He looked toward the road again and could now make out the soft, swinging glow of lanterns hung on the hooks of moving conveyances. By the heavy, muffled sounds of many hooves and the orchestra of creaks, Roman could only surmise that whoever passed was of a large party. The first of the wagons drew even with their camp and then passed, but the sounds of approaching travelers only grew louder. Soon, the faint whisper of a melody being plucked on a lute, the rhythm of a tinny drum, reached his ears, and then the murmurings of voices, the high-pitched shout of a woman's laughter, the arguing drone of men's voices, the barking of numerous dogs.
It was an enormous traveling party.

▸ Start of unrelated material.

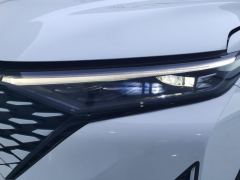 Changan Rui Cheng PLUS Ruicheng PLUS 1.5T Prestigious Edition - ფოტო 4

Roman hadn't seen one so large since his time in the Holy Land, when the families of nomads would move themselves and everything they owned across the desert.
A horse from the procession whinnied and their little gray donkey behind them responded. Roman felt his shoulders tense, but the line of wagons did not pause.
“It's a caravan,” Isra whispered at his side as still the party passed by.
“A caravan of what?” He looked to her, trying to make out her features in the darkness, but her eyes were fixed on the road, and all he could see was her gently rounded profile.
She shook her head.
The last of the wagons finally passed, although the rattling cacophony of conveyances swelled in the air. Roman could not imagine any town who would grant them entrance at this time of the night. He thought of the wide place he and Isra had stopped to make camp and gave a moment's wordless thanks that it wasn't any larger.
He rose to his feet, as did Isra, and both of them stared for several moments in the direction in which the caravan had gone.
“Will you not reconsider sleeping in the cart?” he asked.
“No,” she said. She looked up at him. “I do not wish to disobey you.”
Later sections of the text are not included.